Customer is always right? Right? Not in my book. And certainly not in AirTran’s.

The Consumerist ran a story yesterday about AirTran removing a screaming toddler with her parents off the airplane. Apparently these parents could not control their kid who was screaming and violently behaving towards them.

AirTran spokeswoman Judy Graham-Weaver said, ” [The toddler, a three year old named Elly] was climbing under the seat and hitting the parents and wouldn’t get in her seat.”

Even though this was the fault of the parents, AirTran credited $595.80, the cost of the three tickets, and flew the family home the next day.

Isn’t that nice? Anyway …

This is a move that not every business owner is confident enough to make because of the famous line “customer is always right”. We try to satisfy everyone, don’t we? Well, sometimes the customer is not right and this scenario with AirTran proved it.

They did the right thing. If a parent can not control their child, others should not suffer from it. Why let one customer create a negative experience for 120 of your other customers. Do you think those other 120 on the plane were glad the kid was gone? I think so. Here is the response this story got from “Digger community”.

“Man, I hope this becomes standard business practice!”

—–

“Note to parents: If your children do not respect you or fear you enough to STFU in a situation like this; you are doing something very wrong.

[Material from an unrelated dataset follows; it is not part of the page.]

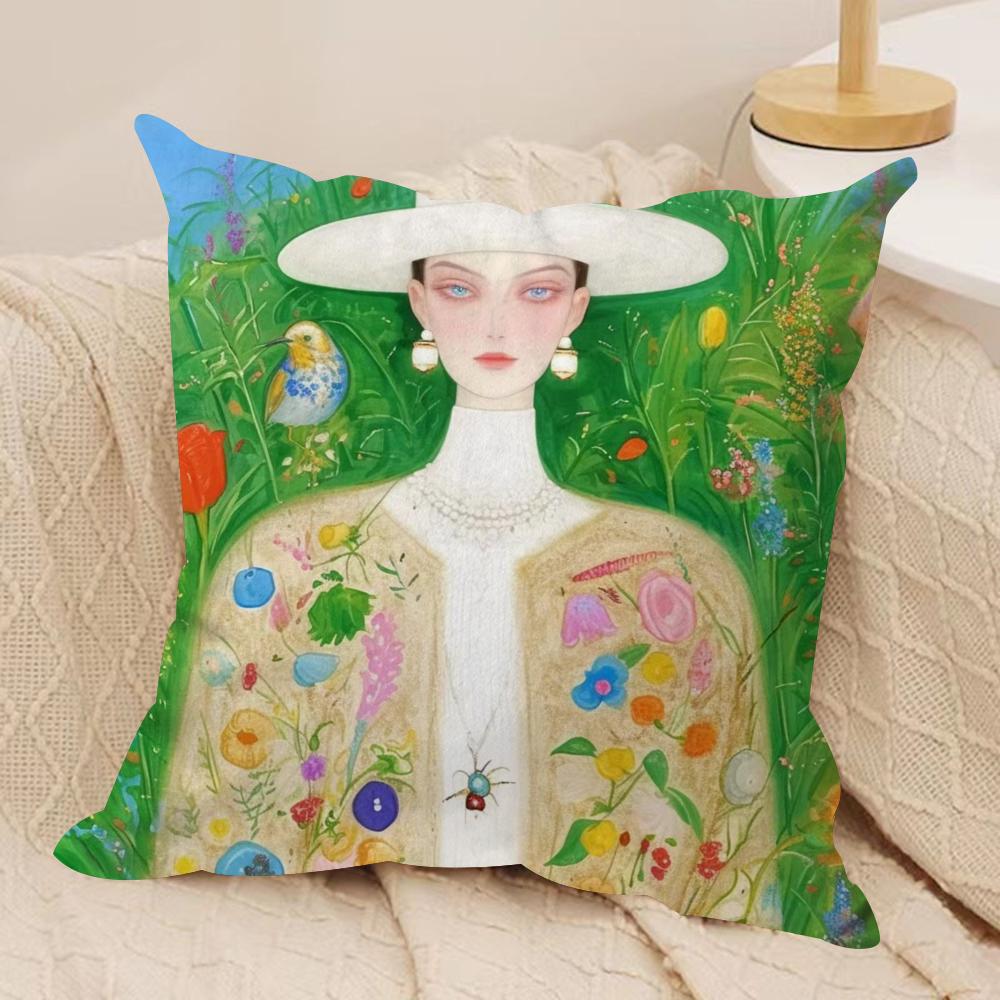 Fashion Illustration Cushion Cover Soft Plush Fabric Double-Sided Printed Sofa Cushion Cover for All Seasons Home Decor Gift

This needs to become the standard policy for airlines, restaurants and any other public setting where a screaming kid makes life miserable for others. It isn’t the child it is the horrible parents and they need to be punished.”

—–

“What amazes me is how the parents acted like they were such victims here. (I saw the CNN.com video.) How they can think that delaying a flight 15 minutes wasn’t *by itself* enough of a problem to get them thrown off is amazing to me. If there were 100 people on that plane, they wasted 25 collective hours of everyone else’s life before they even got shown the exit, and they think *they’ve* been inconvenienced!?”

The above response shows that … majority of people are considerate of others and they do feel that sometimes others need a “break”, BUT when it comes to disrupting their own schedules or experiences for which they pay … they do appreciate a company that will stand up and do the right thing.

In my eyes, AirTran made the right decision that not only made the lives of those 120 passengers better but also improved the image of AirTran. Positive PR in my opinion.